Scaling Up Summarization: Leveraging Large Language Models for Long Text Extractive Summarization
- URL: http://arxiv.org/abs/2408.15801v1
- Date: Wed, 28 Aug 2024 13:52:19 GMT
- Title: Scaling Up Summarization: Leveraging Large Language Models for Long Text Extractive Summarization
- Authors: Léo Hemamou, Mehdi Debiane,
- Abstract summary: This paper introduces EYEGLAXS, a framework that leverages Large Language Models (LLMs) for extractive summarization.
EYEGLAXS focuses on extractive summarization to ensure factual and grammatical integrity.
The system sets new performance benchmarks on well-known datasets like PubMed and ArXiv.

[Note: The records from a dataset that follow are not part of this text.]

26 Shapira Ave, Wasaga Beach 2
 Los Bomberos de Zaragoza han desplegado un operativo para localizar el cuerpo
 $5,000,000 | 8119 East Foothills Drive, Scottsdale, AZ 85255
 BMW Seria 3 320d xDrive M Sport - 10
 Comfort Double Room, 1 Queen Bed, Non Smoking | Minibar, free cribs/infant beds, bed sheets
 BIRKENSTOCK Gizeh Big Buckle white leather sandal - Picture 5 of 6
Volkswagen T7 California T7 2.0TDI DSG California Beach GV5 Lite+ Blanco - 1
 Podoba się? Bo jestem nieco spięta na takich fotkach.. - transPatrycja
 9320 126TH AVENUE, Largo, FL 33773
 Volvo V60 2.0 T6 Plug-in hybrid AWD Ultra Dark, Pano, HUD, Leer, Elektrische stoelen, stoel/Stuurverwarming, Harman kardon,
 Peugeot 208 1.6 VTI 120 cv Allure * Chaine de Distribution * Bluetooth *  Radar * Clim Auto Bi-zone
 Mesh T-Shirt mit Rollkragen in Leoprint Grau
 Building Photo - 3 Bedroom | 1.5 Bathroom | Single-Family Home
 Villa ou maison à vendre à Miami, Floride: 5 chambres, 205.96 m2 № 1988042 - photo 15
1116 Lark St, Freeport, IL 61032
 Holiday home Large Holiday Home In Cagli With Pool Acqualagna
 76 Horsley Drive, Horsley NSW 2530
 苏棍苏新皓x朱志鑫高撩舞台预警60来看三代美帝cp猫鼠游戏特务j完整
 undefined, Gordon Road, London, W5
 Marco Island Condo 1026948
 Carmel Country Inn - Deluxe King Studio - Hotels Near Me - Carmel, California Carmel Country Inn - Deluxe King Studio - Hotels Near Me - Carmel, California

- Score: 0.27624021966289597
- License: http://creativecommons.org/licenses/by/4.0/
- Abstract: In an era where digital text is proliferating at an unprecedented rate, efficient summarization tools are becoming indispensable. While Large Language Models (LLMs) have been successfully applied in various NLP tasks, their role in extractive text summarization remains underexplored. This paper introduces EYEGLAXS (Easy Yet Efficient larGe LAnguage model for eXtractive Summarization), a framework that leverages LLMs, specifically LLAMA2-7B and ChatGLM2-6B, for extractive summarization of lengthy text documents. Instead of abstractive methods, which often suffer from issues like factual inaccuracies and hallucinations, EYEGLAXS focuses on extractive summarization to ensure factual and grammatical integrity. Utilizing state-of-the-art techniques such as Flash Attention and Parameter-Efficient Fine-Tuning (PEFT), EYEGLAXS addresses the computational and resource challenges typically associated with LLMs. The system sets new performance benchmarks on well-known datasets like PubMed and ArXiv. Furthermore, we extend our research through additional analyses that explore the adaptability of LLMs in handling different sequence lengths and their efficiency in training on smaller datasets. These contributions not only set a new standard in the field but also open up promising avenues for future research in extractive text summarization.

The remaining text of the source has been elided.